Wir müssen genauer hinsehen, um den Wert ermessen zu können: Das Konvolut umfasst ausschließlich frühe, zwischen 1890 und 1898 entstandene Werke, darunter die ersten Lieder op. 4, 8 und 12, die, romantischen Vorbildern folgend und dies mit der Widmung „Den Manen Franz Schuberts“ (Opus 12) dokumentierend, zugleich mit modulationsreichen Harmonien und prosahafter Melodik die Eigenart des jungen Komponisten zeigen. Der zweite der „Drei Chöre“ op. 6 beleuchtet wie in einer Momentaufnahme die Einführung der charakteristischen Zweifarbigkeit: Von diesem Augenblick an hat Reger in all seinen Autographen die Noten mit schwarzer Tinte, die Vortragsangaben zu Dynamik, Tempo und Artikulation mit roter Tinte geschrieben und damit nicht nur dem Stecher geholfen, den Überblick im Notendickicht zu wahren, sondern auch die Bedeutung der Interpretation vor Augen geführt. Im Liederopus 15 mit der geheimnisvollen Widmung „Dir“ und dem Schlüssellied „Verlassen hab ich mein Lieb“ verarbeitet der 21-Jährige eine erste unglückliche Liebe, während er sich mit dem Duett „Ich wandre durch die stille Nacht“ op. 14,1 erstmals einem Text Joseph von Eichendorffs zuwendet, der ihn bis in sein letztes Lebensjahr inspirieren sollte. In den Charakterstücken – etwa in den „Walzercapricen“ op. 9 im „tempo betschwesterato“ – erprobt er seinen musikalischen Humor und schreibt Walzer, die den Spieler aus dem Takt bringen, während die nach dem Zwang des „einjährig freiwilligen Militärjahrs“ komponierten „Improvisationen“ op. 18 sich alle kompositorischen Freiheiten nehmen und mit einem Bravourstück „Etüde“ op. 18,8 aufwarten, das er dem berühmten Kollegen Ferruccio Busoni widmet. Nicht zuletzt verraten 110 zwei- und dreistimmige „Canons durch alle Dur- und Molltonarten“ mit satztechnischen Tricks aller Art den künftigen Kompositionslehrer, dem keine Aufgabe für seine Schüler kompliziert genug sein konnte.

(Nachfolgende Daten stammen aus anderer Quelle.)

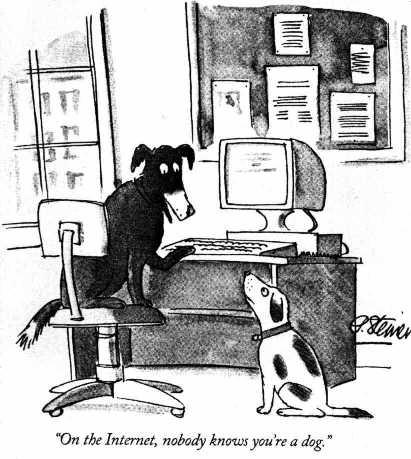 On the Internet Nobody Knows You\'re a Dog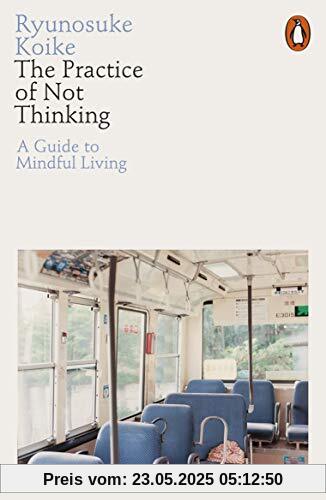 The Practice of Not Thinking: A Guide to Mindful Living
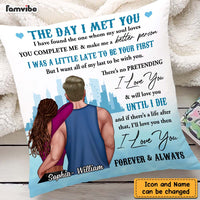 Personalized Gift For Couple The Day I Met You Pillow DB291 30O47 thumb 1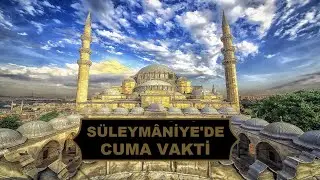 Süleymaniye Camii'nde Cuma Vakti | İstanbul İl Müftüsü Vekili Mustafa YAVUZ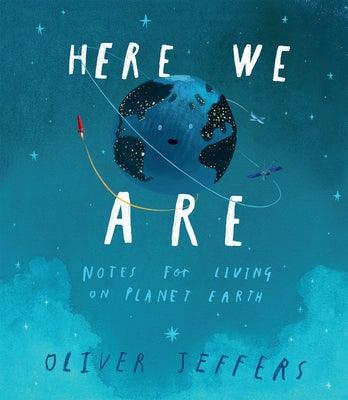 Here We Are: Notes for Living on Planet Earth - Hardcover | Diverse Reads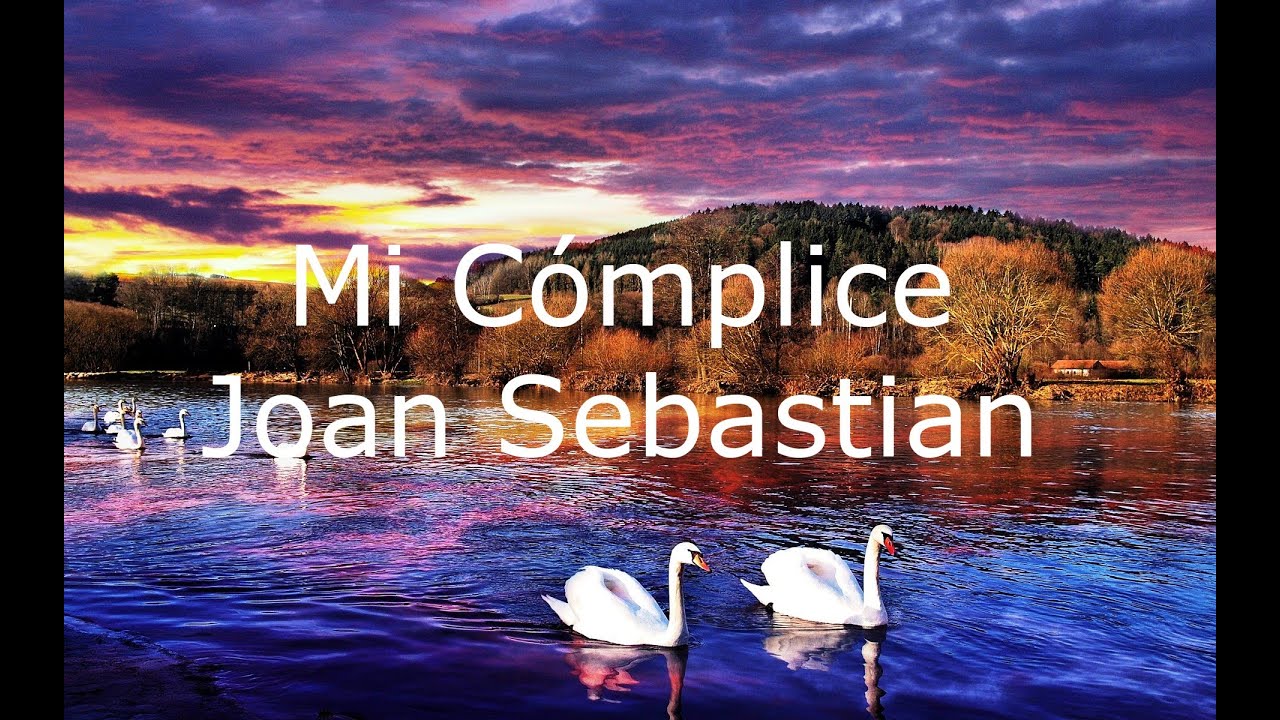 Mi Cómplice Joan Sebastian YouTube Mi Cómplice Joan Sebastian YouTube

Niemand wird leugnen, dass derartig aufschlussreiche Dokumente über die Entwicklung des Komponisten und Menschen Reger in das Institut gehören, das es sich zur Aufgabe gemacht hat, sein Leben und Werk zu erforschen und an eine breite Öffentlichkeit zu vermitteln. Zur Realisierung des glücklichen Erwerbs aber mussten viele beitragen: Der Kulturstiftung der Länder ist zu danken, dass sie alle Betroffenen zusammenrief, das gemeinsame Vorgehen koordinierte, wichtige Verbindungen herstellte und, unterstützt von der Bayerischen Staatsbibliothek, die kulturelle Großtat zu glücklichem Ende brachte. Mit ihr zusammen förderten auch das Land Baden-Württemberg, die Wüstenrot Stiftung, der Arbeitskreis selbständiger Kultur-Institute e.V. und viele private Spender großzügig den Ankauf, denen allen das Max-Reger-Institut zu großem Dank verpflichtet ist.

Max Reger, Manuskriptseite aus den Improvisationen op. 18 für Klavier, Nr. 8 Etude brillante, 1897; Max-Reger-Institut, Karlsruhe
Max Reger, Manuskriptseite aus den Improvisationen op. 18 für Klavier, Nr. 8 Etude brillante, 1897; Max-Reger-Institut, Karlsruhe

Die neuen Schätze werden nicht im Depot verschwinden: Vom 10. September bis 28. Oktober 2015 werden sie in einer Ausstellung „Neue Fülle“ (nach einem Liedertext Stefan Zweigs) in der Badischen Landesbibliothek in Karlsruhe zu bewundern sein, die zusammen mit einer interdisziplinären wissenschaftlichen Tagung „hinübergetragen durch die Zeit…“ (so erinnert sich Stefan Zweig in „Die Welt von gestern. Erinnerungen eines Europäers“ an Regers Vertonungen) und zwei Liederabenden der renommierten Interpreten Markus Schäfer und Markus Becker sowie Frauke May und Bernhard Renzikowski am 23. und 24. September 2015 den Auftakt zum zweiten Modul der hybrid angelegten Reger-Werkausgabe gibt, die alle verfügbaren Quellen der Lieder und Chöre in digitalisierter und vernetzter Form herausbringt. Die Weichen für die angestrebte „bestmögliche Nutzbarkeit für die Wissenschaft“, die die Verteilung der Schott-Archivalien auf die verschiedenen Sammlungen leitete, sind gestellt und werden Regers frühe Werke aus unverdienter Vergessenheit holen.